__Data excerpts__.
------------
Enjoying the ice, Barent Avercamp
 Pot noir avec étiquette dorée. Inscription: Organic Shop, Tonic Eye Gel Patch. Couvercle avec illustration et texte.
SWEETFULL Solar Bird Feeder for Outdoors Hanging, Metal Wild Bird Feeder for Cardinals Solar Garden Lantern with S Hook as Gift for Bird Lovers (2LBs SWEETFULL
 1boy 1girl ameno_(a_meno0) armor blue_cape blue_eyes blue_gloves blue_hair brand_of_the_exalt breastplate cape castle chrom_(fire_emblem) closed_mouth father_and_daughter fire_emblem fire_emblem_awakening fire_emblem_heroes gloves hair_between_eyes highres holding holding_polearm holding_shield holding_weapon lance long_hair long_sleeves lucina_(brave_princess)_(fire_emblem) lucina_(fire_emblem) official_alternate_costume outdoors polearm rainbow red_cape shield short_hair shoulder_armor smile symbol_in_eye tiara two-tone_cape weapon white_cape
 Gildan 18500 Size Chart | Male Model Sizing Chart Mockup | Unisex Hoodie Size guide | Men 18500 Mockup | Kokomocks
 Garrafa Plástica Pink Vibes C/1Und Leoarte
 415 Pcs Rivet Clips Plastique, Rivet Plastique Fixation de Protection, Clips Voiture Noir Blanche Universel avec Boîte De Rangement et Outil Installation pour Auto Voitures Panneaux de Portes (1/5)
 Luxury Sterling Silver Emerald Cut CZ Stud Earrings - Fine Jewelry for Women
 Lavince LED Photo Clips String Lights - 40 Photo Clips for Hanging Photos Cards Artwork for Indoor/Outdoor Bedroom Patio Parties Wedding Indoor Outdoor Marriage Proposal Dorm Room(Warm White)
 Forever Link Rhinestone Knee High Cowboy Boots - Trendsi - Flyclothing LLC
------------
__PROBLEM TO SOLVE__. From the first line of the data above through the line containing "Luxury Sterling Silver", repeat each line exactly, and add nothing.

__REPLY__.
Enjoying the ice, Barent Avercamp
 Pot noir avec étiquette dorée. Inscription: Organic Shop, Tonic Eye Gel Patch. Couvercle avec illustration et texte.
SWEETFULL Solar Bird Feeder for Outdoors Hanging, Metal Wild Bird Feeder for Cardinals Solar Garden Lantern with S Hook as Gift for Bird Lovers (2LBs SWEETFULL
 1boy 1girl ameno_(a_meno0) armor blue_cape blue_eyes blue_gloves blue_hair brand_of_the_exalt breastplate cape castle chrom_(fire_emblem) closed_mouth father_and_daughter fire_emblem fire_emblem_awakening fire_emblem_heroes gloves hair_between_eyes highres holding holding_polearm holding_shield holding_weapon lance long_hair long_sleeves lucina_(brave_princess)_(fire_emblem) lucina_(fire_emblem) official_alternate_costume outdoors polearm rainbow red_cape shield short_hair shoulder_armor smile symbol_in_eye tiara two-tone_cape weapon white_cape
 Gildan 18500 Size Chart | Male Model Sizing Chart Mockup | Unisex Hoodie Size guide | Men 18500 Mockup | Kokomocks
 Garrafa Plástica Pink Vibes C/1Und Leoarte
 415 Pcs Rivet Clips Plastique, Rivet Plastique Fixation de Protection, Clips Voiture Noir Blanche Universel avec Boîte De Rangement et Outil Installation pour Auto Voitures Panneaux de Portes (1/5)
 Luxury Sterling Silver Emerald Cut CZ Stud Earrings - Fine Jewelry for Women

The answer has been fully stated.